→ Short web captions:

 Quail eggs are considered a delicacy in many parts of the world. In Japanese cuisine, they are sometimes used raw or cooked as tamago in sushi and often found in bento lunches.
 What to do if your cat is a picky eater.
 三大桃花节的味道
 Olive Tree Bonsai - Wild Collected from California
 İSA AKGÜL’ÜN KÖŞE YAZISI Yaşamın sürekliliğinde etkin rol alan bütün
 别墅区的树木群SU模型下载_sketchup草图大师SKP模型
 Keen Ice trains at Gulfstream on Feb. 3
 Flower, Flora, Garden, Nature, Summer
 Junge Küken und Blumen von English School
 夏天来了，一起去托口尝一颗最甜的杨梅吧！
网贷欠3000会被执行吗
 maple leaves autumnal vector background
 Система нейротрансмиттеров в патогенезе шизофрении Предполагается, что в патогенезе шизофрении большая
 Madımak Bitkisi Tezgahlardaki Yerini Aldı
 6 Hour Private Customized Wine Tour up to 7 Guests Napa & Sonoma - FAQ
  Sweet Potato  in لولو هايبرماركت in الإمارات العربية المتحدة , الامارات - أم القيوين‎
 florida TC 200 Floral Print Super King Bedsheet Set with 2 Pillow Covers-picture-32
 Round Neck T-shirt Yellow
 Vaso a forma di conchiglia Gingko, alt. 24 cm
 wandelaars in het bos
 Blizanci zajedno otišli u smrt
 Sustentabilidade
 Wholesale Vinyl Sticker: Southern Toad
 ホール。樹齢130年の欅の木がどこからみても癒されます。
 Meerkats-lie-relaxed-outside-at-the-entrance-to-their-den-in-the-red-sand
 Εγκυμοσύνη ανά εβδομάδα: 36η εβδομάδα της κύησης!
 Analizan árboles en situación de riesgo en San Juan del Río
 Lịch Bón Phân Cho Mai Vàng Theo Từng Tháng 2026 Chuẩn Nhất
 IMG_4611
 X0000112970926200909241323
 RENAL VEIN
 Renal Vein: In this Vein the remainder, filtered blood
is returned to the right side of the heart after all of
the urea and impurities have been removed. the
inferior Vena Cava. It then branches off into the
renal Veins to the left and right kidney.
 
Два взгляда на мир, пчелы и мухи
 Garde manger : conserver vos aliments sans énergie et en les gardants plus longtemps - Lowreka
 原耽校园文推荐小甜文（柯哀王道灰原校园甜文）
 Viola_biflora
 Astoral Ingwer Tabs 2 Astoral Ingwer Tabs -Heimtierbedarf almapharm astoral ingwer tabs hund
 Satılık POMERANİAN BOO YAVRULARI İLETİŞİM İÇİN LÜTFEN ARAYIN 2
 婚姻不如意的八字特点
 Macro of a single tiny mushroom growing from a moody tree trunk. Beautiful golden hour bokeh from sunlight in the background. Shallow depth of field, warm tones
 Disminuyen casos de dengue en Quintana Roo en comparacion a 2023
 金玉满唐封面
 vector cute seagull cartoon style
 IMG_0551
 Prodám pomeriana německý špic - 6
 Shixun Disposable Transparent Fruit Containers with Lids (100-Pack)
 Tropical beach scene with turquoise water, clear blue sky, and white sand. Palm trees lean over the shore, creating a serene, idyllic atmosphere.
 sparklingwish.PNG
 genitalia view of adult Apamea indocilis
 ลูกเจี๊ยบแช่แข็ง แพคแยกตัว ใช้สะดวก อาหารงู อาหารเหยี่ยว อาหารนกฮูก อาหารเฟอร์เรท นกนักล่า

→ Exercise objective:
Before answering, count every line of the records that contains "from"; the answer is that number and nothing more.

→ Task answer:
2